__Collected data__:
[Start of Attachment]

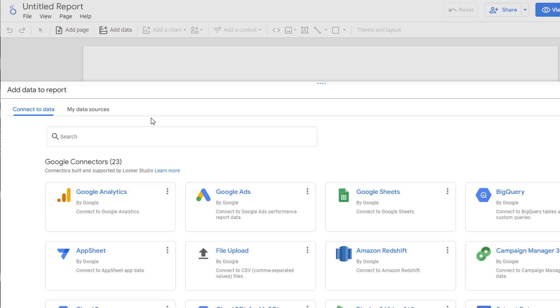However, before you can start to create a new report, Looker Studio is going to prompt you to add data to your report.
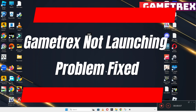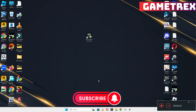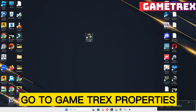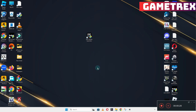Hello guys, welcome back to another video. In this video I will show you how to fix game tracks not launching or opening problem on your Windows PC and laptop. To fix this issue, follow every step as I am showing in this video, and do not forget to subscribe to this channel and press the bell icon for the latest upcoming videos. Hope this will fix your problem and help you a lot.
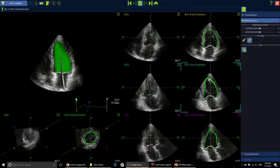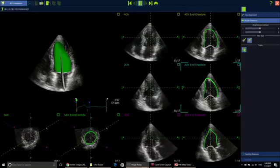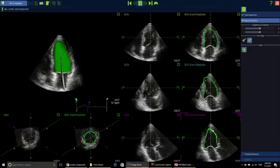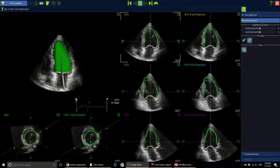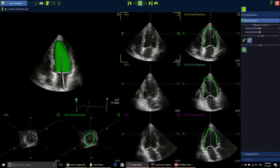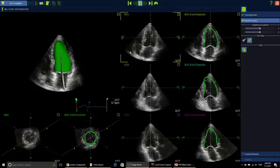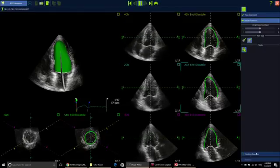It is very user-friendly. You can edit in the long-axis views and also in the short axis if you need to. If you need a different level of the short axis, you can just pull this down or push it up — it will give you the short axis at a different level, and then you can edit. If you are happy with that, you can click on 'Tracking Revision.'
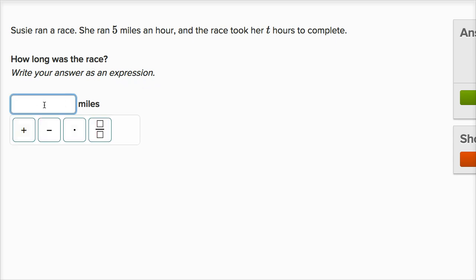If we're trying to figure out the number of miles, you'd want to take her speed, which is in miles per hour — so five miles per hour — times the number of hours, which is t. So you could literally just write that as 5t. 5t literally means five times t.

[End of Attachment]

In your answer, set down the full listing word for word and include no pictures.

__Written response__:
However, before you can start to create a new report, Looker Studio is going to prompt you to add data to your report.
Hello guys, welcome back to another video. In this video I will show you how to fix game tracks not launching or opening problem on your Windows PC and laptop. To fix this issue, follow every step as I am showing in this video, and do not forget to subscribe to this channel and press the bell icon for the latest upcoming videos. Hope this will fix your problem and help you a lot.
It is very user-friendly. You can edit in the long-axis views and also in the short axis if you need to. If you need a different level of the short axis, you can just pull this down or push it up — it will give you the short axis at a different level, and then you can edit. If you are happy with that, you can click on 'Tracking Revision.'
If we're trying to figure out the number of miles, you'd want to take her speed, which is in miles per hour — so five miles per hour — times the number of hours, which is t. So you could literally just write that as 5t. 5t literally means five times t.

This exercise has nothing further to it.